Without the fruit of the Holy Spirit, (love, peace, mercy, goodness) people turn bitter and lose all joy in life becoming vulnerable to attack. Those who are slain by the Spirit and abide in Him dwell in a protected spiritual place. When Christians fight Christians they devour each other and the only winner is Satan. God desires mercy but He requires justice and in Christ Jesus He gave the only sacrifice capable of justifying the sin of man and giving mercy and grace to all who accept Him. Without Jesus there is no covering for sin. Without joy in the Lord and the salvation He gives we have no strength.

Now their appearance is blacker than soot;

They go unrecognized in the streets;

Their skin clings to their bones,

It has become as dry as wood.

9 Those slain by the sword are better off

Than those who die of hunger;

For these pine away,

Stricken for lack of the fruits of the field.

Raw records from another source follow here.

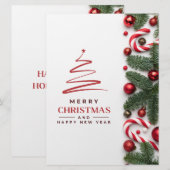 Rood Groen Modern Vrolijk Kerstfeest Feestdagenkaart (Voorkant / Achterkant)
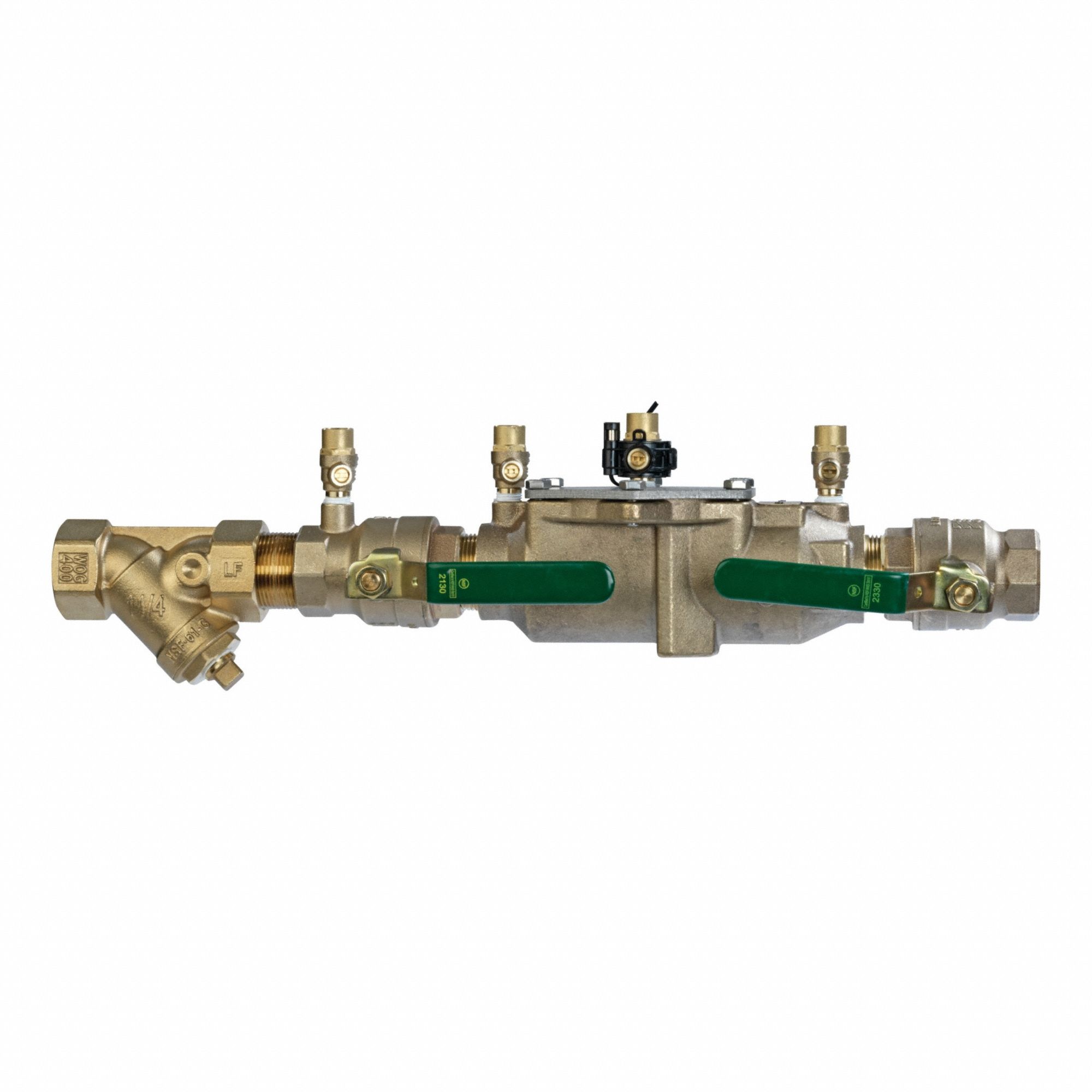 Backflow Preventer: LF007, 1 1/2 in Pipe Size, FNPT x FNPT, 21.75 in Overall Lg, 33°F – 180°F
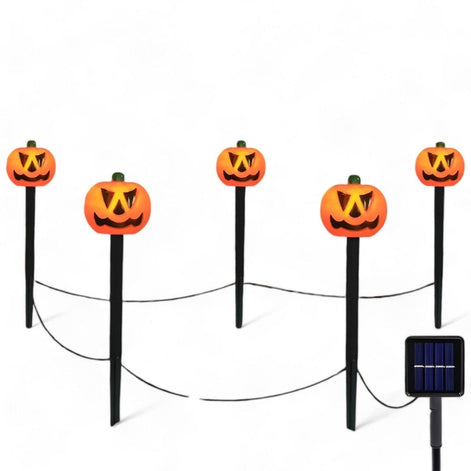 Solar Halloween Gartenleuchten im 5er-Set mit Kürbisdesign – Lumora
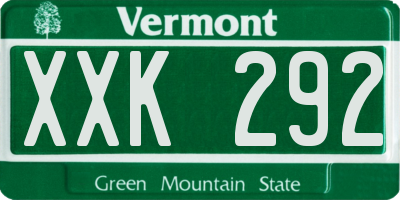 VT license plate XXK292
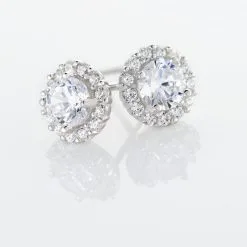 Histoire D'Or Boucles D'oreilles Puces Eternite Argent Blanc Oxyde De Zirconium -Boucles d'oreilles Bracelet Soldes FAOFBZW982 view2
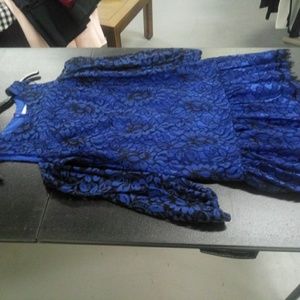 New Blue lace cold shoulder dress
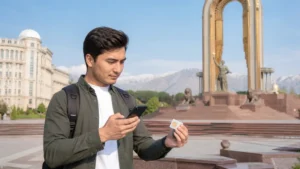 Traveller comparing a phone and SIM package in Dushanbe
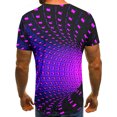 thumbnail image 4 of Fridja T-Shirt à Imprimé pour Homme Été Décontracté Grande Taille Manches Courtes Col Ras du Cou T-Shirt à Imprimé 3D Haut Graphique Abstrait Fantaisie pour Cyclisme Jogging (Violet, TG) (Violet, TG), 4 of 4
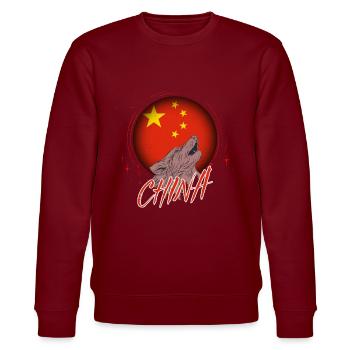 China - Stanley/Stella Unisex Bio-Sweatshirt CHANGER  - Burgunderrot - Vorne - Nik (191cm) & Marisol (170cm)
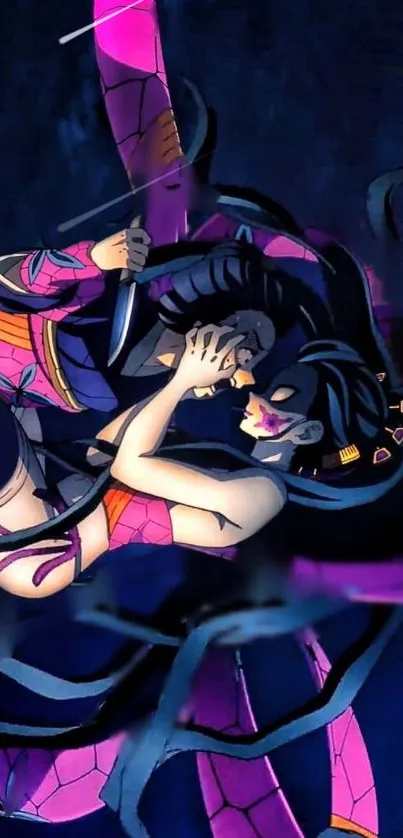 Anime character in dynamic spider costume with dark blue and purple accents.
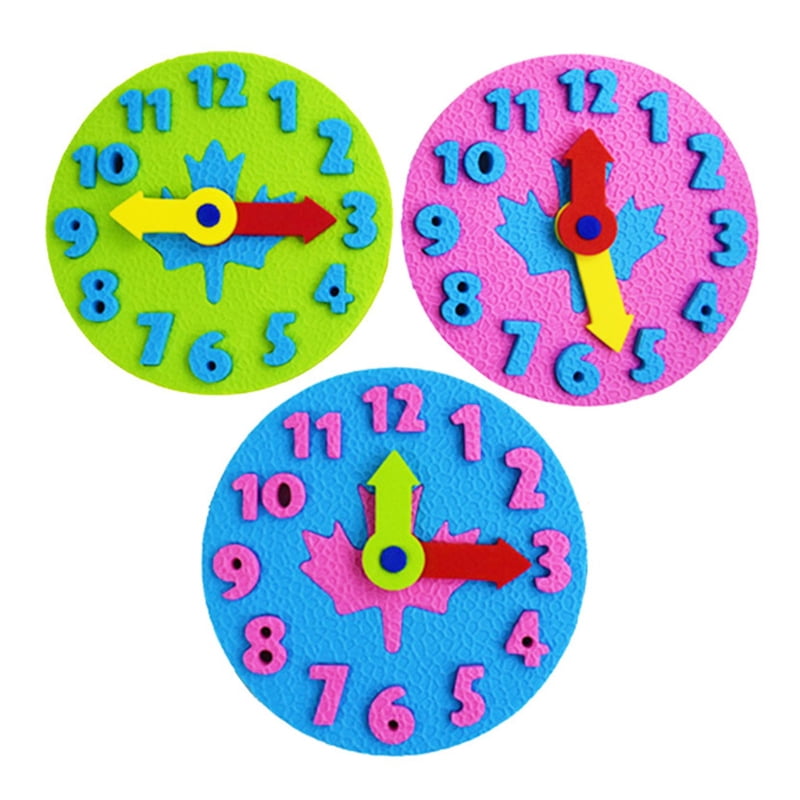 EVA Foam Number Clock Time Jigsaw Puzzle  Kids Learning Toy Free Shipping& 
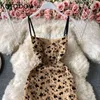 Korobov V Neck Spaghetti Strap Dress Women Flower Pattern Slim Waist Vintage Camisole Dresses New Summer Robe Femme 2D670 210430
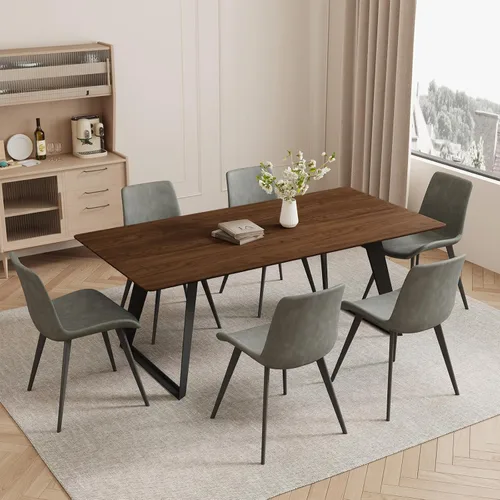 Miniatura 11 de ZckyCine Mesa de Comedor Moderna de Mediados de Siglo y Sillas para 4 Rectangular de Madera Expandible que Ahorra Espacio Multifuncional Marrón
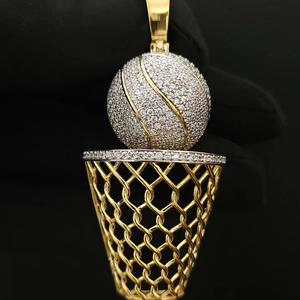 Colgante de Aro de Baloncesto en Acabado Dorado, Completamente Engastado con Moissanita, Joyería Deportiva Hip Hop - Product Image 1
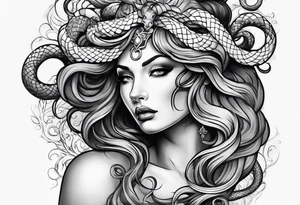 beautiful but mysterious looking woman portrayed as medusa tattoo idea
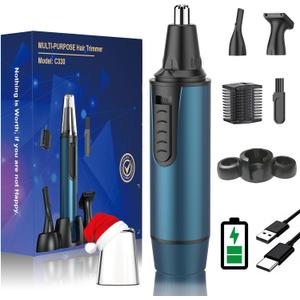 AREYZIN Nose Hair Trimmer for Men,2025 Professional 3 in 1 Painless Rechargeable Ear and Nose Trimmer,IPX7 Waterproof Eyebrow Facial Hair Trimmer Body Grooming Kit Dual Edge Blades (Blue)
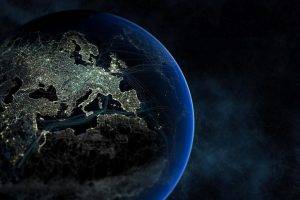 Europe, Lights, Planet, Space, Earth, World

10 The hands of the compassionate women

Have cooked their own children;

They became food for them

In the destruction of the daughter of my people.

11 The Lord has fulfilled His fury,

He has poured out His fierce anger.

He kindled a fire in Zion,

And it has devoured its foundations.

12 The kings of the earth,

And all inhabitants of the world,

Would not have believed

That the adversary and the enemy

Could enter the gates of Jerusalem—

13 Because of the sins of her prophets

And the iniquities of her priests,

Who shed in her midst

The blood of the just.

14 They wandered blind in the streets;

They have defiled themselves with blood,

So that no one would touch their garments.

15 They cried out to them,

"Go away, unclean!

Go away, go away,

Do not touch us!"

When they fled and wandered,

Those among the nations said,

"They shall no longer dwell here."

16 The face of the Lord scattered them;

He no longer regards them.

The people do not respect the priests

Nor show favor to the elders.

17 Still our eyes failed us,

Watching vainly for our help;

In our watching we watched

For a nation that could not save us.

18 They tracked our steps

So that we could not walk in our streets.

Our end was near;

Our days were over,

For our end had come.

19 Our pursuers were swifter

Than the eagles of the heavens.

They pursued us on the mountains

And lay in wait for us in the wilderness.

20 The breath of our nostrils, the anointed of the Lord,

Was caught in their pits,

Of whom we said, "Under his shadow

We shall live among the nations."

21 Rejoice and be glad, O daughter of Edom,

You who dwell in the land of Uz!

The cup shall also pass over to you

And you shall become drunk and make yourself naked.

22 The punishment of your iniquity is accomplished,

O daughter of Zion;

He will no longer send you into captivity.

He will punish your iniquity,

O daughter of Edom;

He will uncover your sins!

The NKJV Study Bible says this: Nazirites were men and women who specifically committed themselves to God for periods of special devotion. The siege of Jerusalem was so terrible that no one was exempt, not even the truly godly people like the Nazirites. Dying early in the siege was perhaps better than living through all of its horrors. The women who were forced to eat their own children began as compassionate women. This unimaginable horror could only have occurred in the most inhumane conditions of human suffering. The very people who should have been agents of righteousness became agents of sin. The priests and prophets were separated from the face of the Lord because they had helped cause the people of Judah to stumble. After the fall of Jerusalem in 586 b.c., the survivors in Judah turned to Pharaoh Hophra of Egypt to deliver them, thereby breaking covenant with Nebuchadnezzar and the specific word of God. The heir to the Davidic line was "the breath of life" to the nation. But King Zedekiah was captured while trying to escape, put in chains, blinded after watching his sons massacred, and marched off to Babylon to die. It is possible that the phrase daughter of Edom is a sarcastic, judgmental phrase. Edom may have thought so highly of herself that she believed she could assume the place of privilege her father Esau had lost, once Judah was destroyed.